Citing unnamed sources close to the negotiations, the newswire reported Monday that CP, which is Canada's second-largest rail company, is trying to buy or
merge with U.S. rail line Norfolk Southern.
Canadian Pacific is worth about $29 billion on the TSX.
Norfolk Southern is worth US$26 billion on the NYSE.
Shares in Norfolk Southern were up 12 percent to just over $89 a share on Monday.
CP, meanwhile, was up about five percent to $182.
The move comes on the heels of an attempt by CP to buy U.S. rail line CSX last year as part of a goal of consolidating the sector by creating one rail company
that operates both in Canada and the U.S.
But talks between CP and Florida-based CSX came to nothing.
Currently, the North American rail network is a Byzantine combination of grids owned by the two Canadian companies, plus about a half-dozen U.S lines, each
with rival networks that interact at frequent bottlenecks, which breeds inefficiency.

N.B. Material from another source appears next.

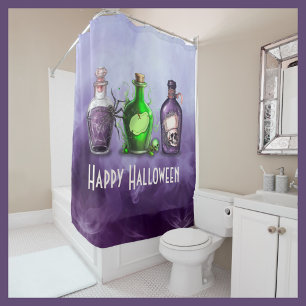 Happy Halloween Apothecary Jar Shower Curtain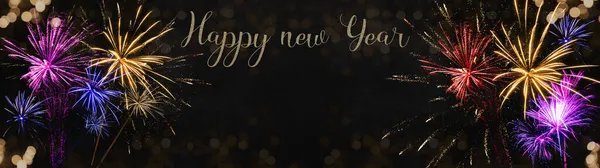 Mutlu Yıllar Neşeli Silvester Arka Plan Panorama Tebrik Kartı Afişi — Stok fotoğraf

Norfolk Southern owns 32,000 kilometres of rail lines across 22 U.S. states.
Primarily eastern-based and CSX's main rival on the eastern seaboard, it connects with the western network in Chicago, which is the central hub of North
America's rail network.
CP's lines, by contrast, crisscross Canada and extend into several U.S. midwestern states, including Chicago.
Norfolk, meanwhile, has little presence in the Western U.S.